Kariobangi South Primary School: Parents complain over payment of outlawed fees
| Sep 18th 2017 | 2 min read
The parents of a Nairobi school are up in arms over what they termed illegal charges, including examination fees.
The management of Kariobangi South Primary School has been accused of charging Sh800 examination fees, contrary to Ministry of Education regulations. They say the institution also demands tuition fees and money for computer lessons from the pupils. They say children are sent home when they fail to pay the charges.
One parent (whose name we will no reveal to protect his children) says his two children have been sent home on many occasions for tuition fees. Last week, the children were sent home for not paying Kenya Certificate of Primary Education examination fees and tuition charges.
He adds that when he went to the school to complain, he realised that many other parents had raised similar concerns on the issue.
“My children have been at home for some time now.
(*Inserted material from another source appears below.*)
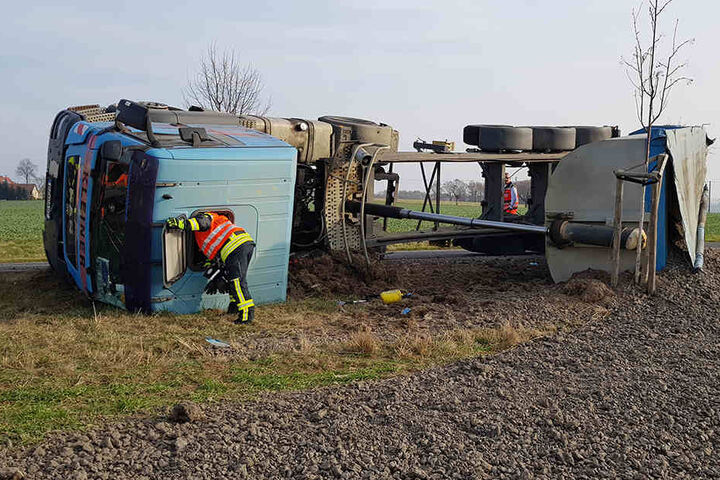 Der Fahrer musste von der Feuerwehr aus dem Führerhaus befreit werden.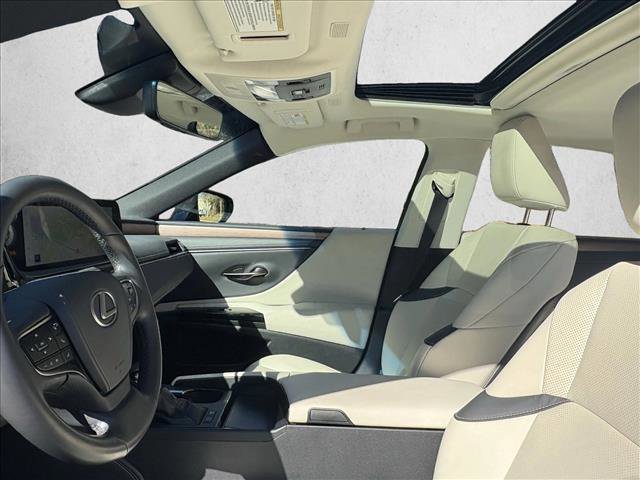 Used 2024 Lexus ES 300h w/ Premium Package image 12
They were sent home because they haven’t paid Sh800 each for the KCPE examinations,” he said.
The deputy head teacher, who only identified himself as Mr Mutungi, denied the allegations, saying pupils only pay Sh200 a term for continuous assessment tests and the school’s feeding programme.
The parent says he is aware that pupils should not be charged examination fees and accused the school administration of trying to exploit parents who are ignorant of the regulation.
“We know the school offers remedial classes because children who do not attend and those that have not paid leave school at 3pm while those who go for the classes leave at 6pm,” he says.
One of the Standard Eight pupils said they are told to pay Sh700 every month for tuition and pupils are sent home almost every day for failing to pay.
“Pupils are always sent away in the morning, at 8am, and only come back after paying,” she says.
The parent adds that he paid Sh7,950 for his two children to be admitted to the school. He claims that he was also asked to pay money for the school feeding programme for two even though one of his sons does not eat the food the school offers.
“I have a son who does not eat githeri but they insist that I have to pay for him,” he says.
He said he has forwarded several complaints to the Ministry of Education and tried to contact the Education Cabinet secretary, Fred Matiang'i, to no avail.